[Brief descriptive captions]
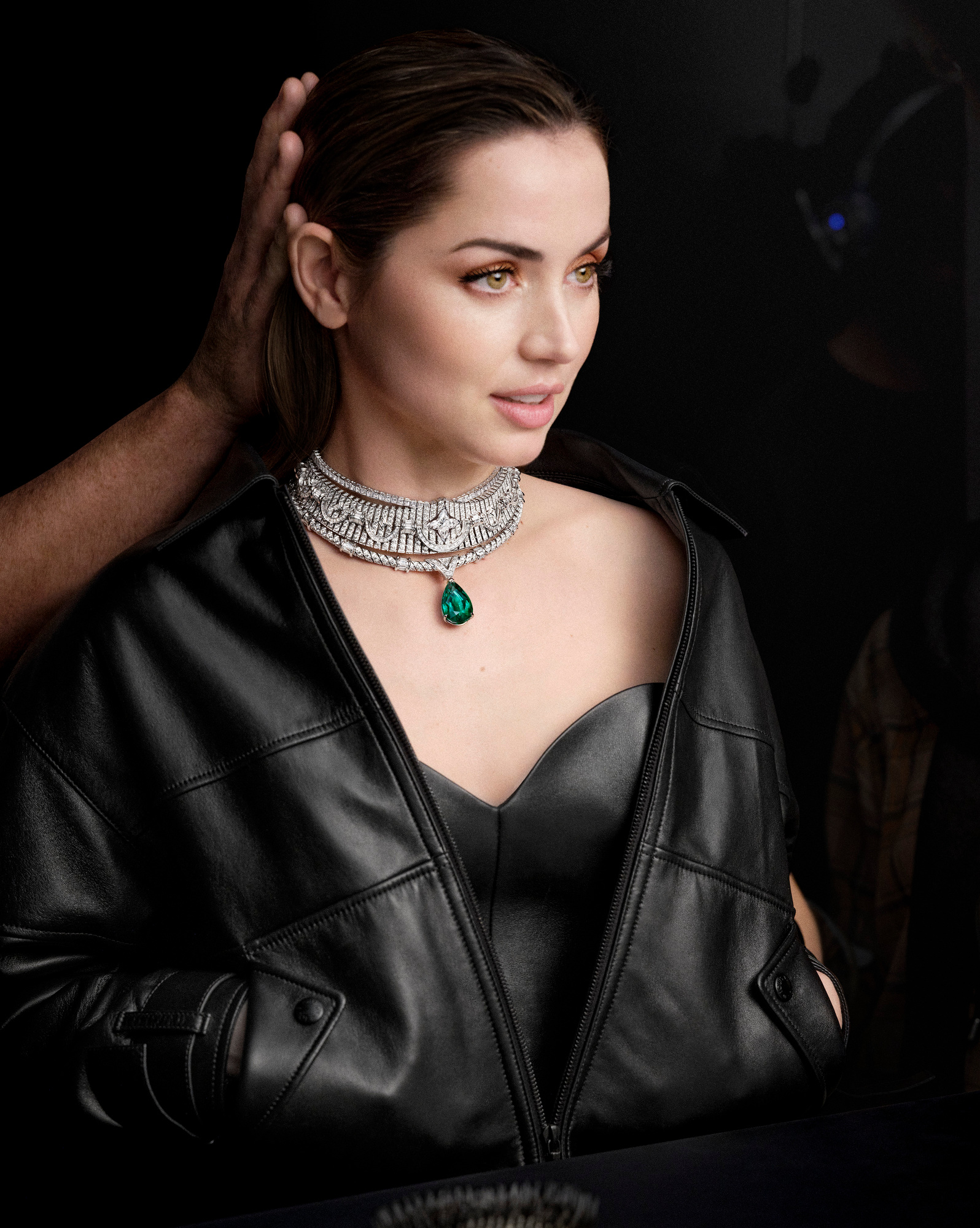 In a behind-the-scenes shot of the upcoming high jewelry campaign, Ana de Armas wears the Apogée necklace from the Virtuosity collection, featuring a 30.75-carat emerald and a10.56-carat LV Monogram Star cut.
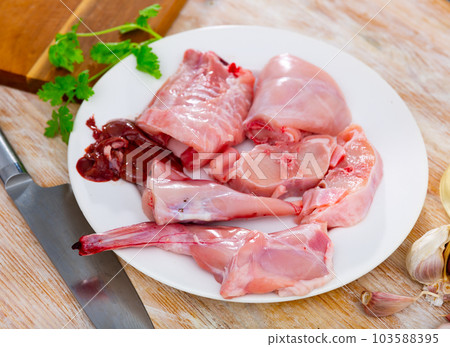 Chopped rabbit with garlic and spices on white plate with knife 103588395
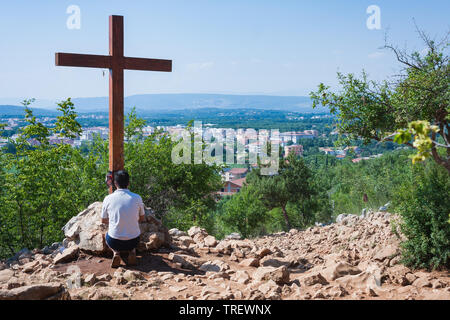 Medjugorje, Bosnia and Herzegovina - July 6 2012: A pillgrim kneeling and praying in front of wooden cross in famous pilgrimage place Apparition hill, Stock Photo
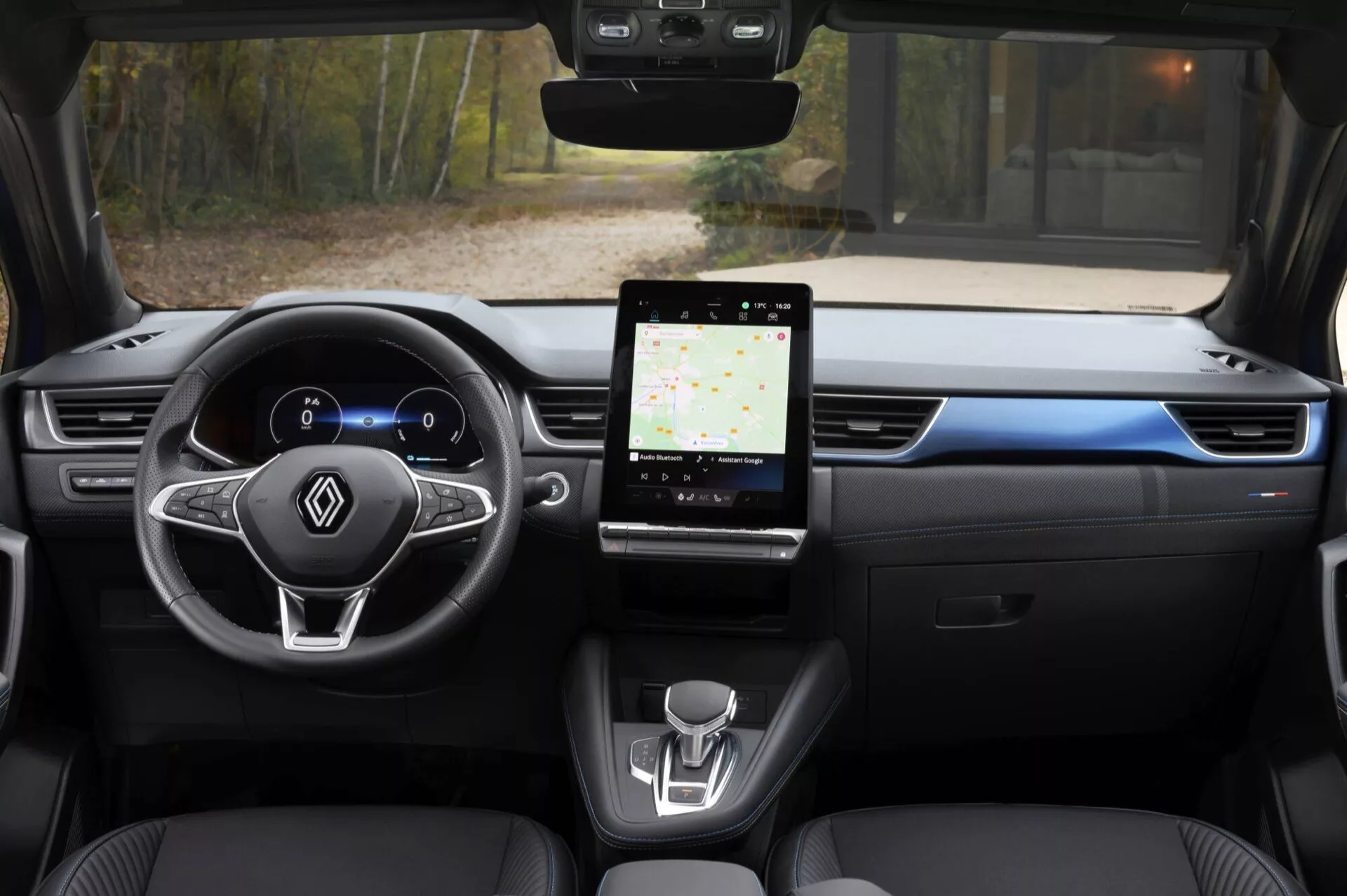 Vista interior del Renault Captur 2024 desde el asiento trasero, destacando el cuadro de instrumentos digital, volante multifunción, sistema de infoentretenimiento táctil grande y diseño minimalista de la consola central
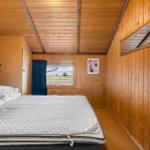 Schlafzimmer mit Holzwand, Bett und Fensterblick auf Landschaft.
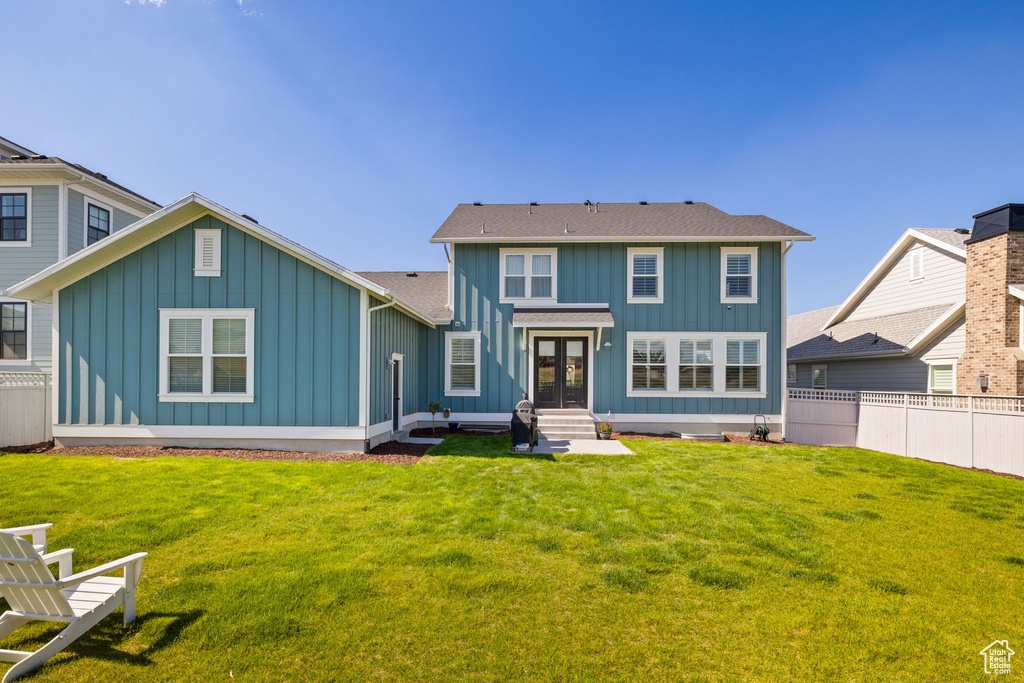 Rear view of house featuring a lawn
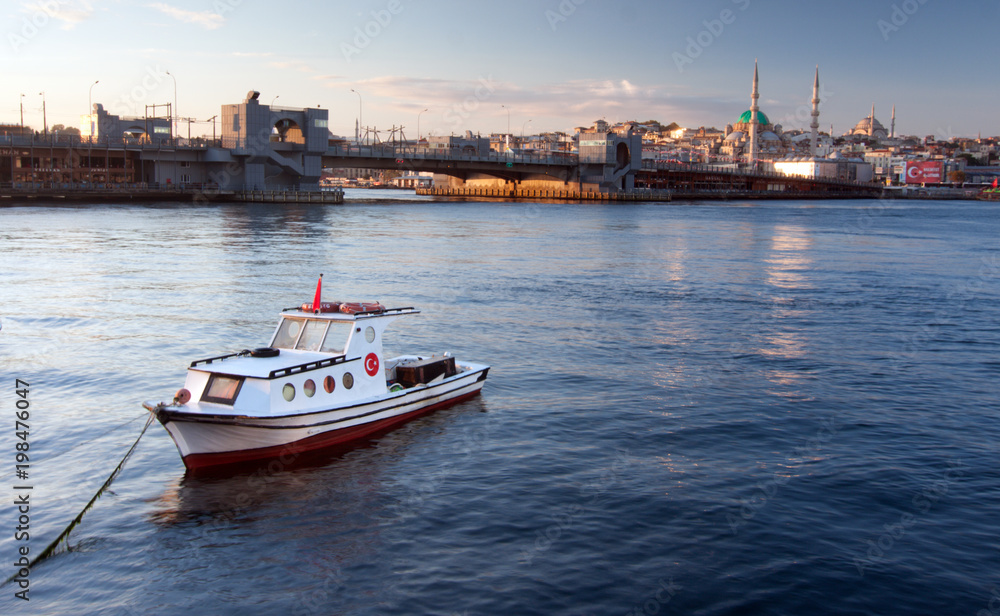 Boat in front of Galata Bridge, Istanbul Boat in front of Galata Bridge, Istanbul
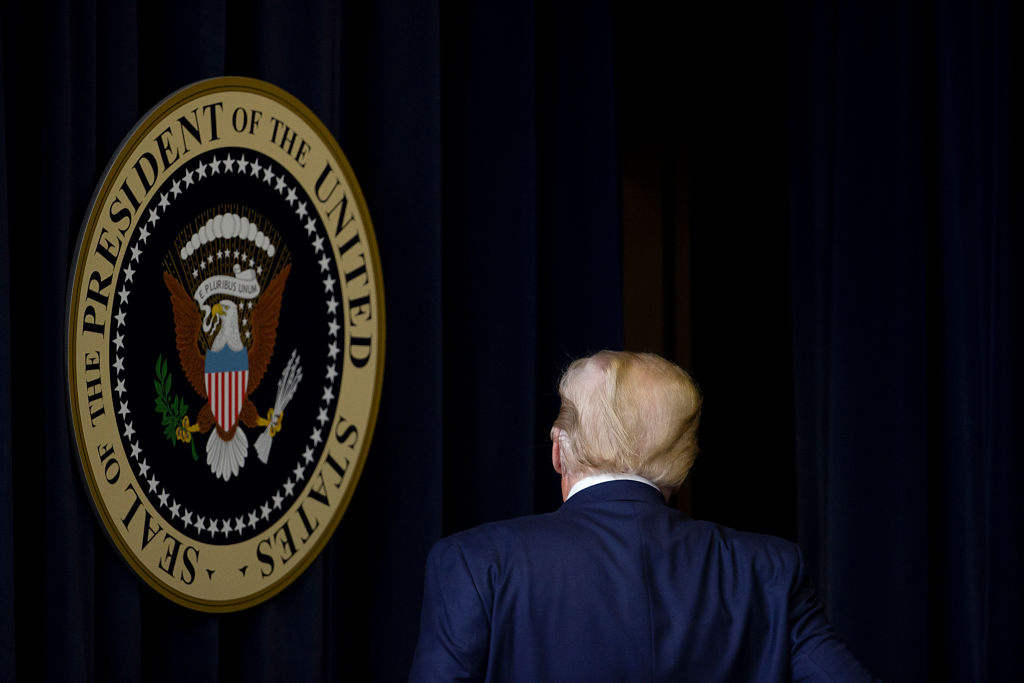 U.S. President Donald Trump walks out after speaking at the Operation Warp Speed Vaccine Summit on December 8, 2020.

▶ _WORK ORDER_
All of the data above needs to be retyped exactly, with the pictures removed.

▶ _RESPONSE FOR THIS EXERCISE_
 In a behind-the-scenes shot of the upcoming high jewelry campaign, Ana de Armas wears the Apogée necklace from the Virtuosity collection, featuring a 30.75-carat emerald and a10.56-carat LV Monogram Star cut.
 Chopped rabbit with garlic and spices on white plate with knife 103588395
 Medjugorje, Bosnia and Herzegovina - July 6 2012: A pillgrim kneeling and praying in front of wooden cross in famous pilgrimage place Apparition hill, Stock Photo
 Vista interior del Renault Captur 2024 desde el asiento trasero, destacando el cuadro de instrumentos digital, volante multifunción, sistema de infoentretenimiento táctil grande y diseño minimalista de la consola central
 Schlafzimmer mit Holzwand, Bett und Fensterblick auf Landschaft.
 Rear view of house featuring a lawn
 Boat in front of Galata Bridge, Istanbul Boat in front of Galata Bridge, Istanbul
 U.S. President Donald Trump walks out after speaking at the Operation Warp Speed Vaccine Summit on December 8, 2020.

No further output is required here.